By Thomas H. Maugh II
Los Angeles Times
LOS ANGELES — The massive magnitude 8.8 earthquake that struck off the coast of Chile last month moved the entire city of Concepcion — the closest urban area to the quake's epicenter — at least 10 feet west, American researchers said Monday.
Chile's capital, Santiago, moved about 11 inches to the west-southwest, while Buenos Aires, all the way across the continent from the quake site, moved about an inch to the west, the researchers said. The cities of Valparaiso and Mendoza, Argentina, both northeast of Concepcion, also moved significantly.
The results were obtained from precise global positioning satellite measurements taken before and after the quake, which occurred off the Maule coast of Chile, according to earth scientist Mike Bevis of Ohio State University. Since 1993, Bevis has headed the Central and Southern Andes GPS Project, designed to monitor crustal motion and deformation in the region.
The project has detected surface displacements as far away as the Falkland Islands and Fortaleza, Brazil. Bevis and others are in Chile to install more GPS units at sites whose previous locations are accurately known and to monitor continued movement along the fault.

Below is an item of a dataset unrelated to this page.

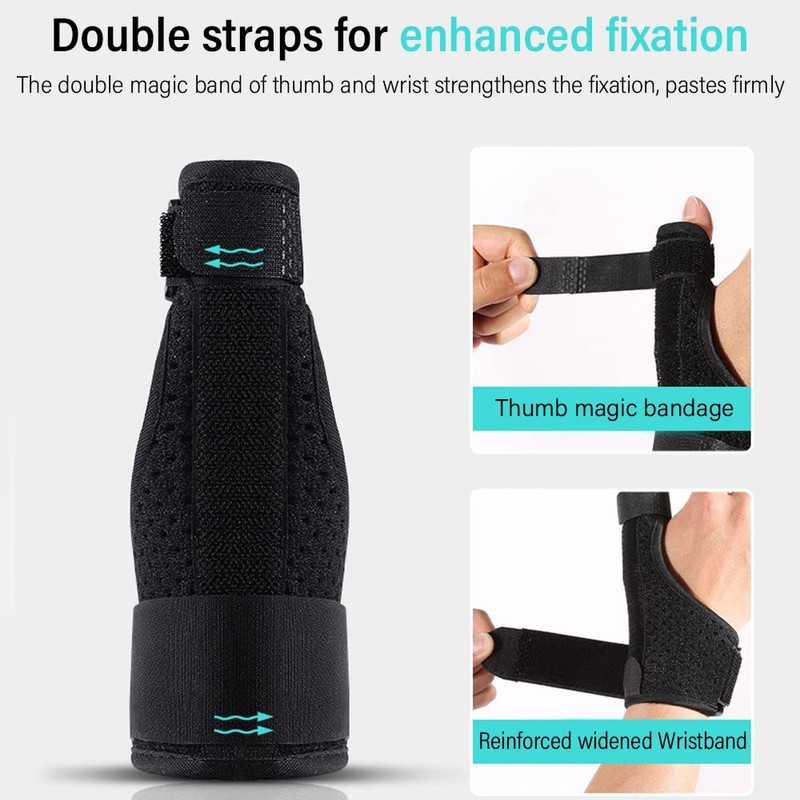 TOFBS Compression Thumb Brace Left and Right, Thumb Splint, Osteoarthritis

The quake region is in the "ring of fire" that encircles the Pacific Ocean. The February tremor occurred when the Nazca tectonic plate, which lies under much of the Pacific Ocean, was forced under the South American tectonic plate, a process known as subduction. The lifting of the South American plate as it rode over the Nazca plate was responsible for the tidal wave that did considerable damage along the South American coast.